Zoe, Joanne and Katie (PA REAL LIFE/COLLECT)

A 25-year-old woman with a 50 percent chance of developing early onset Alzheimer's has spoken frankly of her daily agony as she struggles to decide whether or not to be tested for the degenerative brain disease.

Not only are sisters Zoe Higginson and Katie Lambert, 17, forced to watch their beloved mom Joanna Lambert's heartbreaking deterioration, after she was diagnosed four years ago at 45 – one of only five percent of Alzheimer's cases to develop before 65 – but they know they could have inherited the cruel disorder, too.

Now, the brave women, of Wickford, Essex, have vowed to wait until Katie turns 18 in January – when she is old enough to choose for herself – before deciding whether or not to have the test.

Zoe with mom Joanne (PA REAL LIFE/COLLECT)

Admin assistant and hairdresser Zoe, who is single and moved back home three and half years ago to help with her mom's round-the-clock care, said: “At the moment, I'm just like anyone else walking down the street, not knowing if I'm going to get it.

“But if we take the test and it comes back with a positive result for a particular gene, then that means we will definitely get early-onset Alzheimer's.

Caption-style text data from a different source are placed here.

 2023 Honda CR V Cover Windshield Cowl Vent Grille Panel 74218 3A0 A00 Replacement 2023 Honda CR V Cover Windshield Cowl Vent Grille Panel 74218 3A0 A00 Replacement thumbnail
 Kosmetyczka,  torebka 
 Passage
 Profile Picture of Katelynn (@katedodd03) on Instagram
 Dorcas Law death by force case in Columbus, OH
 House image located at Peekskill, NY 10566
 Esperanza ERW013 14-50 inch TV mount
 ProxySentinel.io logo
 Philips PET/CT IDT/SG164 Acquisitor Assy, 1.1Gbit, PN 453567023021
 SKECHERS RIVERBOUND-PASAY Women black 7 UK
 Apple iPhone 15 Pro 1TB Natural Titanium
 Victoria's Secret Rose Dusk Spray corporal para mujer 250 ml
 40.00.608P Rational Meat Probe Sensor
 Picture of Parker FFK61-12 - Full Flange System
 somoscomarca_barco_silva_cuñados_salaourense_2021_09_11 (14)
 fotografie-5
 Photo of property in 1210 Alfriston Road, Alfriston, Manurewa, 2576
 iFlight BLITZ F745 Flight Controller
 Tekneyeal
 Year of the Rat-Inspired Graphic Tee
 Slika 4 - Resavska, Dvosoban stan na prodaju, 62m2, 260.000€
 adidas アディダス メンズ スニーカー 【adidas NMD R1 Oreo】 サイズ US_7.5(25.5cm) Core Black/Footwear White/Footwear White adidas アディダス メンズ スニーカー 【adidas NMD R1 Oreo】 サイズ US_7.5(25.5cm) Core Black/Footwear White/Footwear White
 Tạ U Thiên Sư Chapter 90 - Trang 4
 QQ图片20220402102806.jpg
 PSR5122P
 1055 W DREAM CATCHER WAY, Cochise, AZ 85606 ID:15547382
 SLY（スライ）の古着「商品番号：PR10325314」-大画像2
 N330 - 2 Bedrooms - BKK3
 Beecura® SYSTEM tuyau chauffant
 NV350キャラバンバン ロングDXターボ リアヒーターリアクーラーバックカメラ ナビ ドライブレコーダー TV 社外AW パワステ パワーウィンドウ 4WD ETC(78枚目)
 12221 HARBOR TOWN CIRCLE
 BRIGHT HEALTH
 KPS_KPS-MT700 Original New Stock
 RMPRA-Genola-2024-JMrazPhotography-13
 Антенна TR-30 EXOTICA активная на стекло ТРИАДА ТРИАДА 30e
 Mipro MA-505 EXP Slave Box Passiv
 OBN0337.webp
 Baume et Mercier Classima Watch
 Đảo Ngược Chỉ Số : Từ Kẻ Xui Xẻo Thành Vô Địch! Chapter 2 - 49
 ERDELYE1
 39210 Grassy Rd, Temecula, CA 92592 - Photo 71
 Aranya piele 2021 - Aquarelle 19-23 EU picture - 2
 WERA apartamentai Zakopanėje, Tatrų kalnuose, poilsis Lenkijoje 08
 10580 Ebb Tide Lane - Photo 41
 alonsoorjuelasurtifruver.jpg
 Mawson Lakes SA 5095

“If I knew I had it, I would live my life differently. I probably wouldn't have children, because I wouldn't want them to go through it."

Zoe and Katie with mom Joanne (PA REAL LIFE/COLLECT)

Zoe explained: “If I met someone, I'd have to explain the situation to him. It's a lot for someone to take on, so I would want him to know what might happen and give him a choice of whether to stay.

“Not a day passes when I don't think about it. But I must be 100 percent sure I can cope with the outcome – as does Katie – as once you know, that answer that will never go away from you."

According to the charity Alzheimer's Research UK (ARUK), several genes have been found that play a role in the development of the rare familial form of the condition that the sisters face developing.

And if someone has a strong family history of the disease at a young age, the NHS offers genetic testing – first insisting they have six months of counseling, to prepare them for what could be a shattering result.

“I've always said I would wait for Katie to turn 18 before I make a decision on whether to find out if I will get it," Zoe said. “If it was the other way around and she got tested without me, I don't know how I would cope with that.

“If she says she doesn't want to know, that's okay, and I will make my decision then."

Looking back, Zoe realizes she first noticed her mom – who she helps her taxi driver stepfather, William Lambert, 49, to care for – had become forgetful about a year before she was diagnosed.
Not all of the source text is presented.